Mia cognata, come al solito, si aspettava 30 vasetti di cetrioli mentre sedeva nel suo SUV con l’aria condizionata. Le ho consegnato una fattura di 100 dollari…

Olga, quest’anno facci più cetrioli sottaceto. Vitalik non mangia quelli comprati in negozio: gli danno fastidio allo stomaco, e sai quanto costano al mercato…
Ira lo disse senza nemmeno scendere dall’auto, abbassando solo leggermente il finestrino oscurato.
Un’ondata d’aria condizionata fredda e di profumo costoso uscì dall’interno del suo nuovo SUV bianco. E io stavo lì vicino al cancello, con i pantaloncini vecchi, la terra sotto le unghie, sentendo il sudore appiccicoso scendere lungo la schiena. Fuori c’erano trentadue gradi; questo agosto aveva chiaramente deciso di seccarci tutti.
“Fai pagare la famiglia?”: come ho insegnato a mia cognata a smettere di trattare la mia dacia come il suo magazzino personale
“Quanto sarebbe ‘di più’?” chiesi, asciugandomi la fronte con il dorso della mano.
“Oh, circa trenta vasetti. E anche lecho, Olja. Il tuo lecho è incredibile — Vitalik ne mangia un intero vasetto in una volta sola. Va bene, andiamo, dobbiamo ancora tornare in città, ci consegnano i mobili.”
Il finestrino risalì. Il SUV arrancò silenziosamente sulla ghiaia e scomparve in una piccola nuvola di polvere.
Guardai i miei orti. I cetrioli pendevano a grappoli. I pomodori erano succosi. Per alcuni, erano solo “regali” cresciuti da soli. Per me, rappresentavano un secondo lavoro davanti a una stufa rovente.

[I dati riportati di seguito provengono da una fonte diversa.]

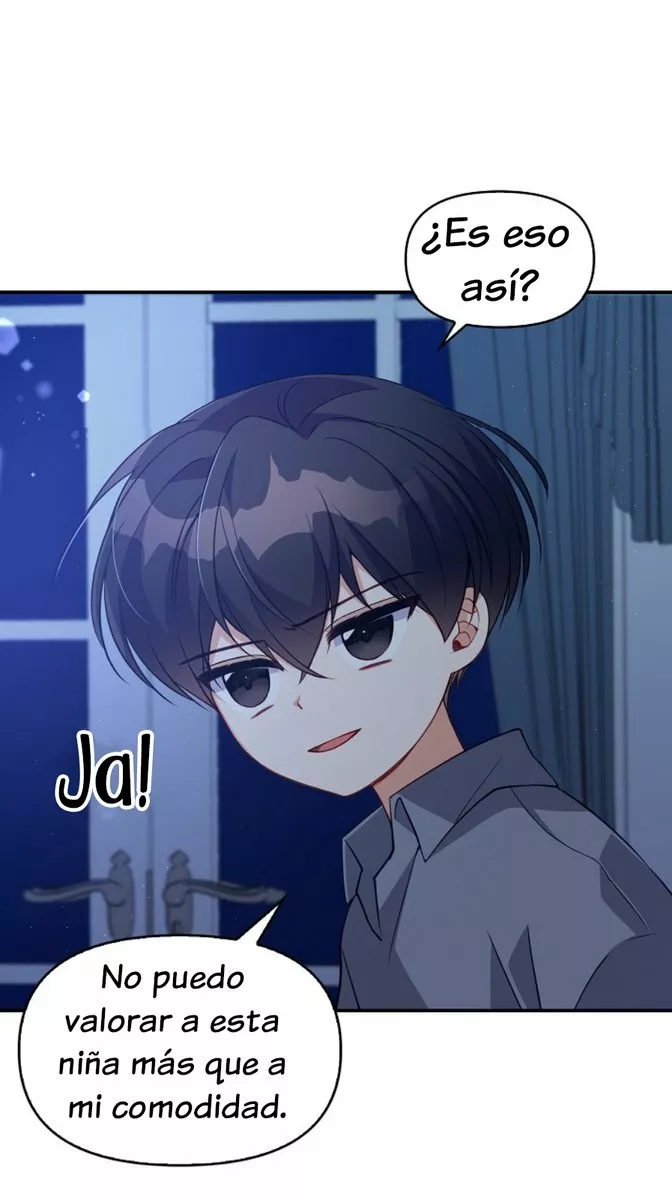 Página 59 del Manga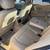 2014 BMW 3 Series 320i Sedan, Glacier Silver, Sunroof, SKU:26709 BMW 3 18 thumbnail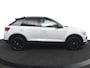 Volkswagen T-Roc 1.5 TSI Sport | Virtual Cockpit | Camera | Navi |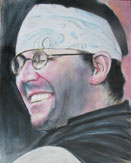 David-Foster-Wallace-131x163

E proprio in quel momento, guardando l’auto di mia cognata allontanarsi, capii: quest’anno sarebbe stato diverso.
“Siamo famiglia”
Mio marito Sergey uscì dalla serra con un secchio. È un uomo silenzioso. Non litiga mai con sua sorella Ira — così costa meno. Lei è la più giovane, la preferita, quella che “ne ha più bisogno”. Lei e Vitalik hanno un’attività, due appartamenti da affittare, e ora una macchina nuova. Sergey ed io siamo persone semplici. Ho sempre lavorato nelle risorse umane, lui è autista.
“Ha fatto un altro ordine?” chiese mio marito, poggiando il secchio.
“Trenta vasetti di cetrioli. E il lecho,” risposi secca.
Seryozha sospirò, tirò fuori una sigaretta, la fece girare tra le dita, ma non la accese.
“Beh, lo faremo. Sono i nostri. Non sono estranei.”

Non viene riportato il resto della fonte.